WORK TO BE COMPLETED -> Exact copies of all records below are needed.

* * *

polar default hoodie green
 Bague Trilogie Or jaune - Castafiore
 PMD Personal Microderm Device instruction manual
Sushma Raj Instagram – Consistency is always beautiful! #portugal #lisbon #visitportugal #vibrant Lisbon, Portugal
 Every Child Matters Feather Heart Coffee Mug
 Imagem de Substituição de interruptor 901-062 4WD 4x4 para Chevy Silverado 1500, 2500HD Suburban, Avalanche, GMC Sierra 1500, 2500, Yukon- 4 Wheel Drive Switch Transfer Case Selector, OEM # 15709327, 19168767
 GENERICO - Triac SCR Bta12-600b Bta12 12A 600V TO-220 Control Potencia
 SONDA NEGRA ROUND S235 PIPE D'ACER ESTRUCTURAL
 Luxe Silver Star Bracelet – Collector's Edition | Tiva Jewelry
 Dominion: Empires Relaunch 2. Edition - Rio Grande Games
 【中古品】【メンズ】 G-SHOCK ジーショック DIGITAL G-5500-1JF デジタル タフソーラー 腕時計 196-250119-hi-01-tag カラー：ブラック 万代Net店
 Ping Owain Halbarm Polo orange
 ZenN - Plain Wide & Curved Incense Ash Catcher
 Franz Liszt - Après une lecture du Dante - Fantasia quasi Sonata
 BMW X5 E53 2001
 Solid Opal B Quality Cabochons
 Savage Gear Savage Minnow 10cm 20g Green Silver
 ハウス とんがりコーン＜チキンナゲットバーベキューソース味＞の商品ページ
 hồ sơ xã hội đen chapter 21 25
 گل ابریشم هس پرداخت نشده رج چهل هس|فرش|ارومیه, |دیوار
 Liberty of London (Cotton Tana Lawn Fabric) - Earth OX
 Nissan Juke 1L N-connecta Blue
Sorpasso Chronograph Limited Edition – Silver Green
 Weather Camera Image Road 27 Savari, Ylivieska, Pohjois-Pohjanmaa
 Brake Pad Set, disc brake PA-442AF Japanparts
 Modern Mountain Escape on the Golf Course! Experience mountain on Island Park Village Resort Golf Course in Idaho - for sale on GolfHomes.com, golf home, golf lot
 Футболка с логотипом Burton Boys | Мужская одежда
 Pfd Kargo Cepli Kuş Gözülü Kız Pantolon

* * *

RESPONSE AREA ->
polar default hoodie green
 Bague Trilogie Or jaune - Castafiore
 PMD Personal Microderm Device instruction manual
Sushma Raj Instagram – Consistency is always beautiful! #portugal #lisbon #visitportugal #vibrant Lisbon, Portugal
 Every Child Matters Feather Heart Coffee Mug
 Imagem de Substituição de interruptor 901-062 4WD 4x4 para Chevy Silverado 1500, 2500HD Suburban, Avalanche, GMC Sierra 1500, 2500, Yukon- 4 Wheel Drive Switch Transfer Case Selector, OEM # 15709327, 19168767
 GENERICO - Triac SCR Bta12-600b Bta12 12A 600V TO-220 Control Potencia
 SONDA NEGRA ROUND S235 PIPE D'ACER ESTRUCTURAL
 Luxe Silver Star Bracelet – Collector's Edition | Tiva Jewelry
 Dominion: Empires Relaunch 2. Edition - Rio Grande Games
 【中古品】【メンズ】 G-SHOCK ジーショック DIGITAL G-5500-1JF デジタル タフソーラー 腕時計 196-250119-hi-01-tag カラー：ブラック 万代Net店
 Ping Owain Halbarm Polo orange
 ZenN - Plain Wide & Curved Incense Ash Catcher
 Franz Liszt - Après une lecture du Dante - Fantasia quasi Sonata
 BMW X5 E53 2001
 Solid Opal B Quality Cabochons
 Savage Gear Savage Minnow 10cm 20g Green Silver
 ハウス とんがりコーン＜チキンナゲットバーベキューソース味＞の商品ページ
 hồ sơ xã hội đen chapter 21 25
 گل ابریشم هس پرداخت نشده رج چهل هس|فرش|ارومیه, |دیوار
 Liberty of London (Cotton Tana Lawn Fabric) - Earth OX
 Nissan Juke 1L N-connecta Blue
Sorpasso Chronograph Limited Edition – Silver Green
 Weather Camera Image Road 27 Savari, Ylivieska, Pohjois-Pohjanmaa
 Brake Pad Set, disc brake PA-442AF Japanparts
 Modern Mountain Escape on the Golf Course! Experience mountain on Island Park Village Resort Golf Course in Idaho - for sale on GolfHomes.com, golf home, golf lot
 Футболка с логотипом Burton Boys | Мужская одежда
 Pfd Kargo Cepli Kuş Gözülü Kız Pantolon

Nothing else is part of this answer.